*** Data to examine Section Begins ***
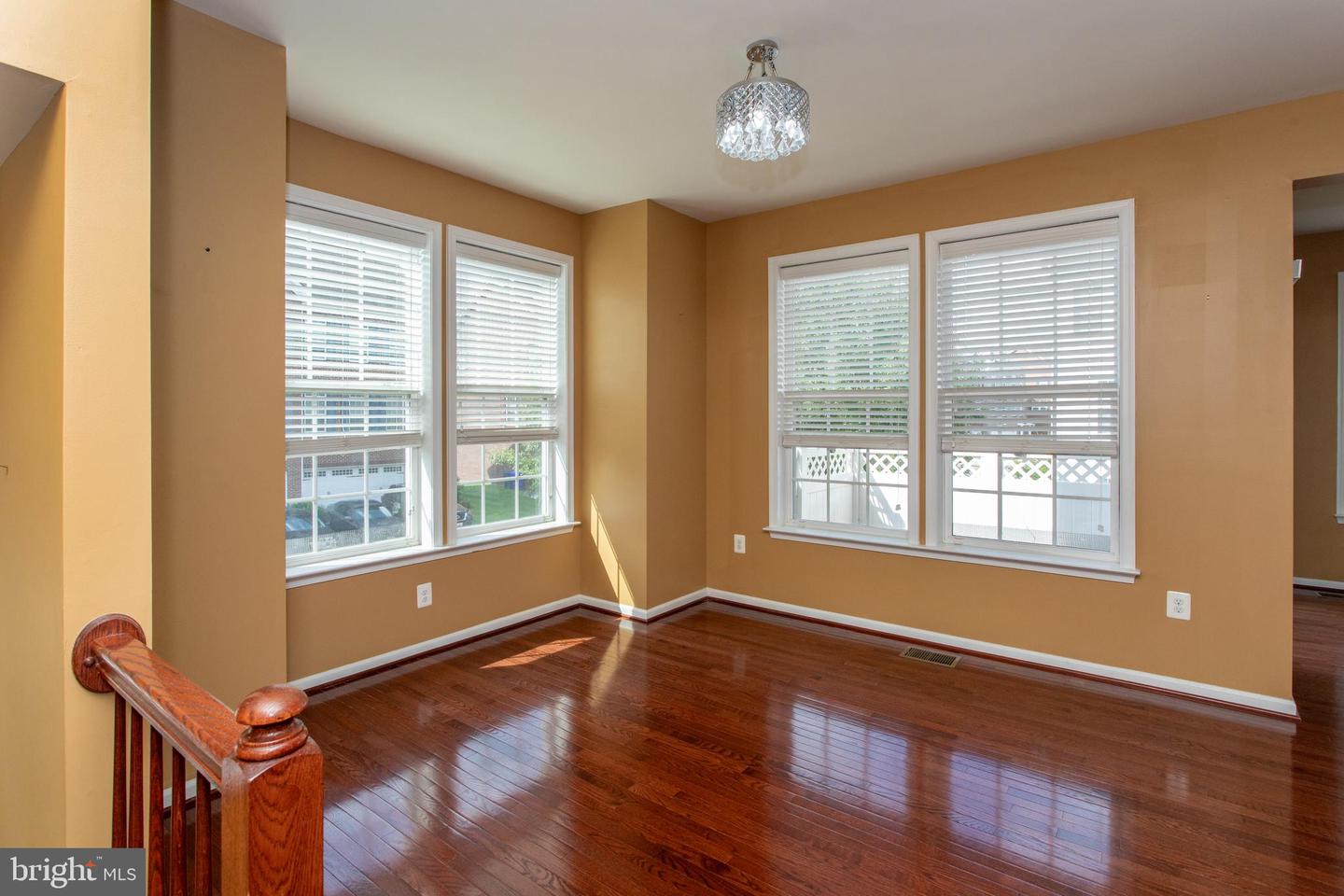 12389 Sandstone St Property Photo 9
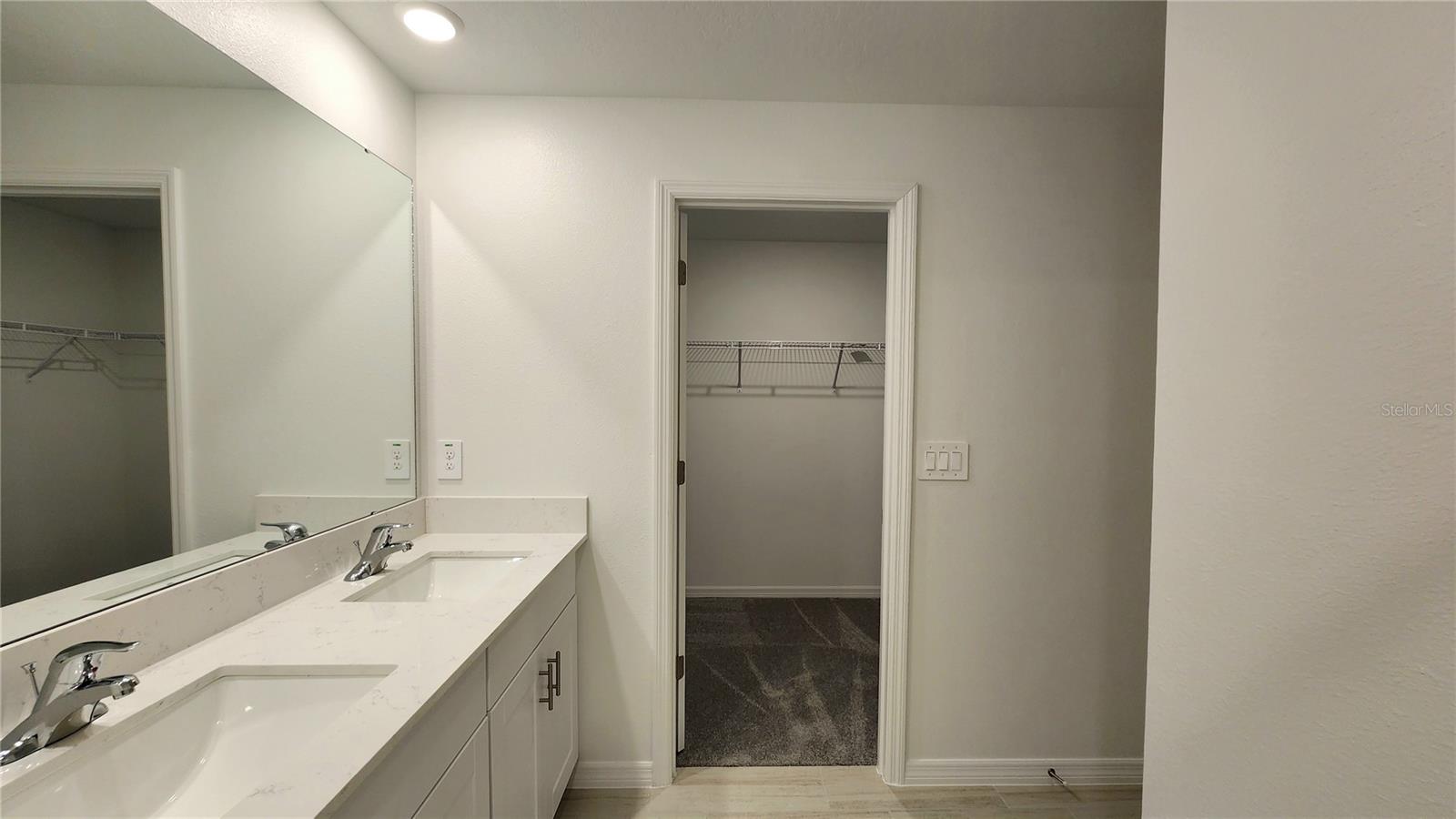 4045 RADIANT MOUNTAIN DR, PLANT CITY, FL, 33565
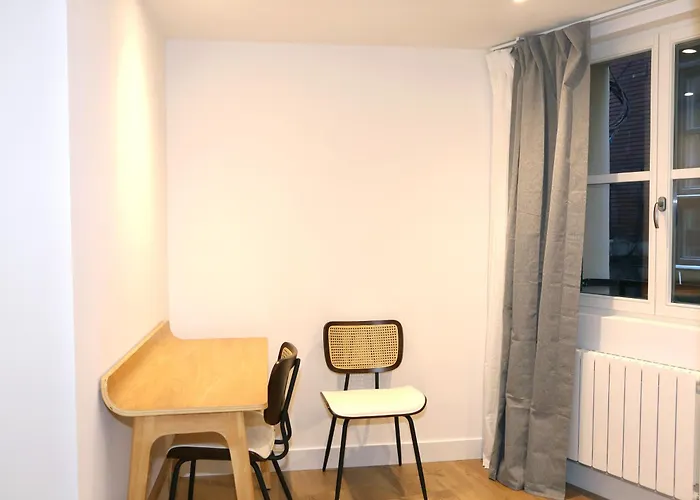 Piso De 3 Frente A La Catedral * Bilbao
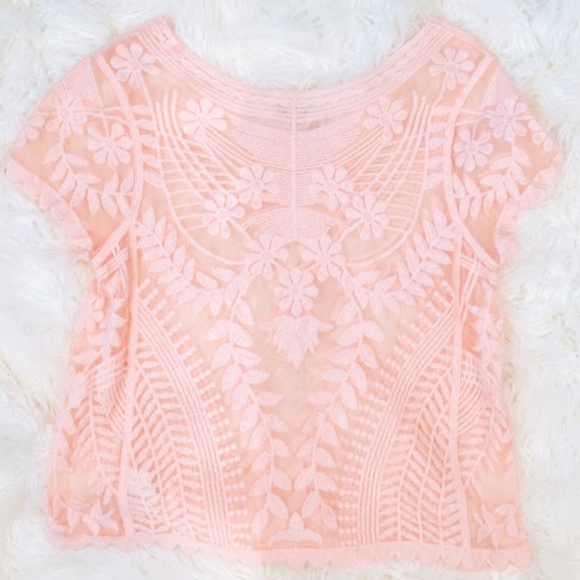 Express Lace Floral Top - Picture 2 of 4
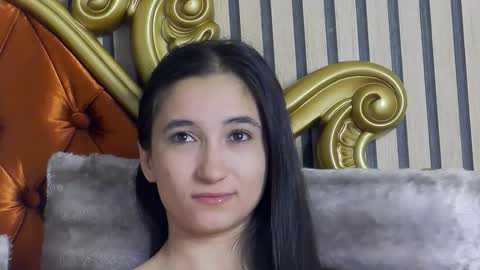 Snapshot of carolinahart chatting on May 27, 2026, 5:37 am carolinahart online show from May 27, 2026, 5:37 am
*** Data to examine Section Ends ***
= Exercise directions =
Give back the material above exactly as written, but omit the images.

= Task response =
 12389 Sandstone St Property Photo 9
 4045 RADIANT MOUNTAIN DR, PLANT CITY, FL, 33565
 Piso De 3 Frente A La Catedral * Bilbao
 Express Lace Floral Top - Picture 2 of 4
 Snapshot of carolinahart chatting on May 27, 2026, 5:37 am carolinahart online show from May 27, 2026, 5:37 am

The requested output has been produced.